Trends in optimized biogas production: synthesis, characterization and use of magnetic iron nanoparticles to enhance the anaerobic digestion process

Abstract

Magnetic iron oxide nanoparticles were investigated for their potential to enhance biogas production through the anaerobic digestion of fruit and vegetable waste. The nanoparticles were synthesized via co-precipitation and characterized using Atomic Force Microscopy (AFM), UV-visible spectroscopy, and Magnetic Force Microscopy (MFM). MFM analysis revealed a magnetic force of -20 nN at a distance of 42 nm from the nanoparticles, with a magnetic gradient extending up to 100 nm in nanoparticle clusters.
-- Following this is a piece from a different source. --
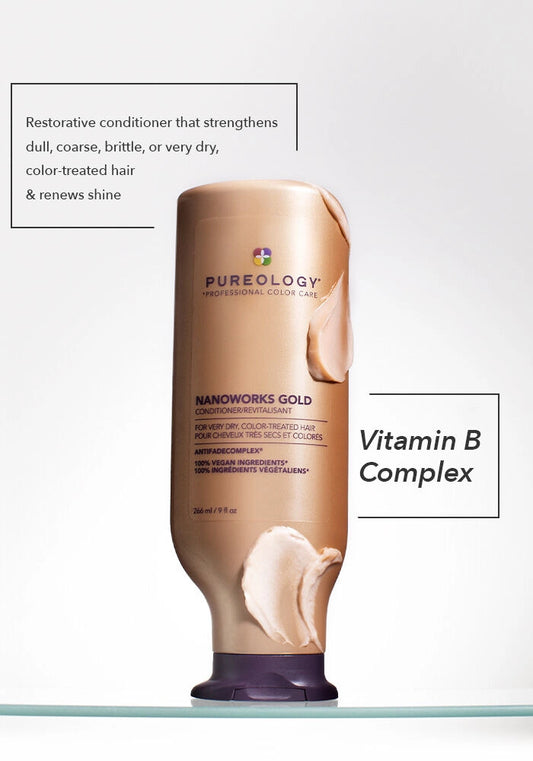 PUREOLOGY Nanoworks Gold Conditioner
Anaerobic digestion experiments, conducted in Erlenmeyer flasks, employed a factorial design to optimize conditions such as moisture content, temperature, and inoculum percentage. Results demonstrated that the addition of iron oxide nanoparticles, at 34°C with 7% inoculum and 42% moisture content, led to a 55.53% reduction in substrate residual compared to control tests without nanoparticles. The presence of lactic acid confirmed the occurrence of acidogenesis, while higher concentrations of acetic acid in nanoparticle-enhanced tests suggested an influence on the acetogenesis phase. Additionally, the nanoparticles showed potential as adsorbents. These findings highlight the potential of magnetic iron oxide nanoparticles as an effective and sustainable method for improving biogas production from organic waste, with implications for urban areas and fueling centers seeking alternative, renewable energy solutions.